В Германии исследованием трансуранов занимаются в первую очередь Карл Фридрих фон Вайцзеккер и его коллега Фриц Хоутерманс. Статья Макмиллана появляется в журнале «Physical Review». Английские атомщики в ужасе: теперь его работа может быть прочитана и в Германии. Они бьют тревогу своим американским коллегам, и уже скоро высшие инстанции налагают запрет на публикации о будущих урановых исследованиях. Статье Макмиллана суждено было стать последней в своем роде в военное время.
В июле 1940 года Вайцзеккер еще может опереться на эту публикацию и предсказать, что плутоний поддается расщеплению легче, чем уран-235. И что химическое отделение нового элемента от урана не связано с большими трудностями. Поскольку плутоний химически отличается от урана, в то время как уран-235 и уран-238 можно разделить, по-видимому, только приложив неодолимую силу циклотрона. Но во всей Германии пока что не построено ни одного ускорителя частиц, поэтому альтернатива плутония видится более торной дорогой к атомной бомбе. Вайцзеккер сводит все свои знания в один отчет Курту Дибнеру. Независимо от американцев и в то же самое время доказательство существования элемента-93 удается и специалисту в области физической химии Курту Штарке в институте Отто Гана. Что и послужило Гану поводом лишний раз указать в отчете Управлению вооружений на «возможное применение трансуранов в качестве ядерной взрывчатки».
Летом 1939 года Отто Роберт Фриш поехал из Копенгагена в Бирмингем. Его пригласил Марк Олифант, руководитель Физического института Бирмингемского университета, занятый разработкой сверхсекретного радара.

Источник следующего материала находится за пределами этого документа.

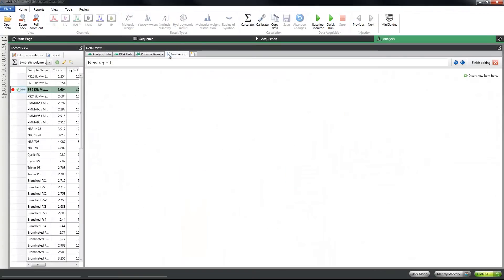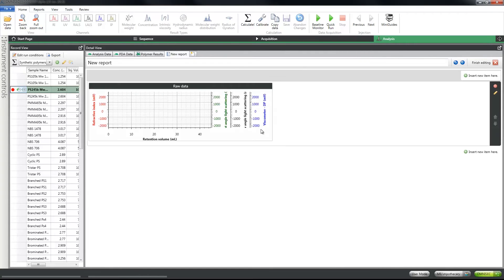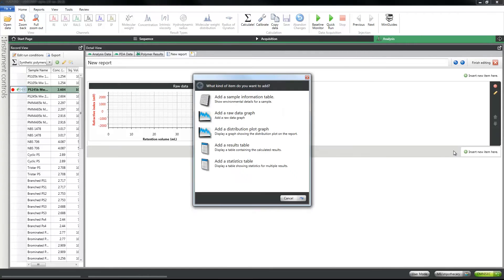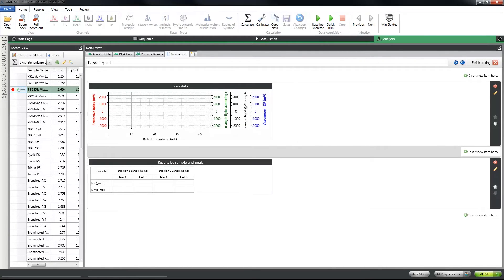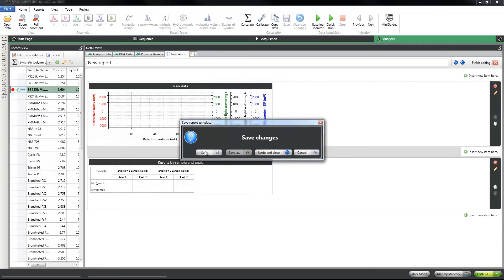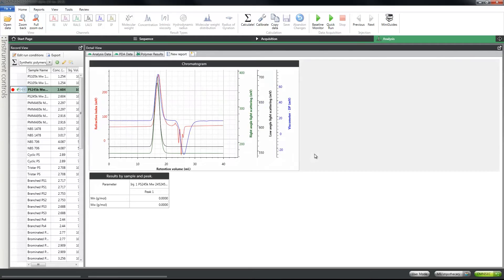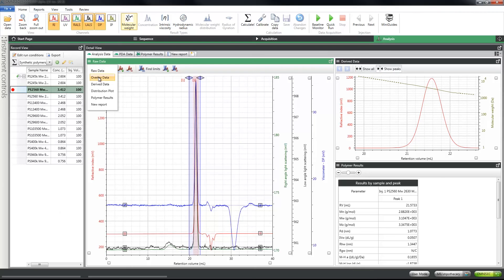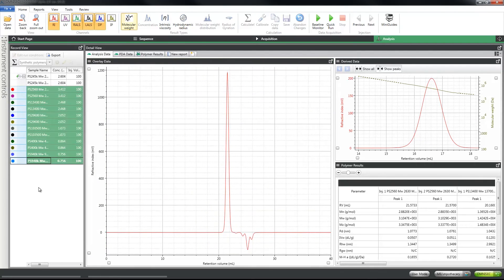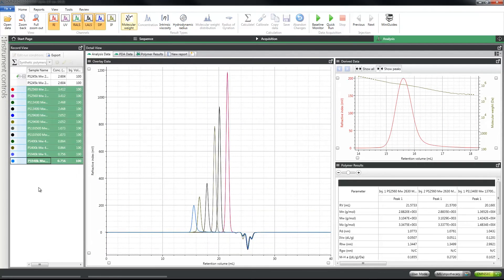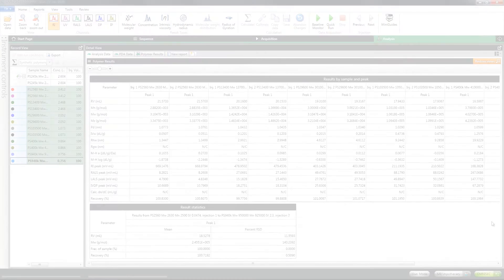Key features include an intuitive look and feel based upon the latest software tools, as well as simple and customizable reporting to present only the data that is most important to you. Multiple injections and results can be overlaid quickly and easily, and it now only takes one click from data to results.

После того как началась война, Фриш больше не возвращается в Данию — из страха перед скорым вторжением немецкого вермахта. Олифант дает ему возможность работать в своем институте — для начала руководителем практических занятий студентов. Фришу не дают покоя нерешенные проблемы расщепления ядра. У него есть идея, как отделить уран-235 от урана-238 и без использования циклотрона. Клаус Клузиус, на тот момент профессор физической химии в Мюнхене и член «уранового клуба», в 1938 году разработал простой способ разделения. Длинная, вертикально стоящая трубка наполняется газообразным соединением элемента, изотопы которого нужно отделить друг от друга. Трубка нагревается с одного конца, и более легкие атомы собираются у теплого конца трубки, а более тяжелые — у холодного.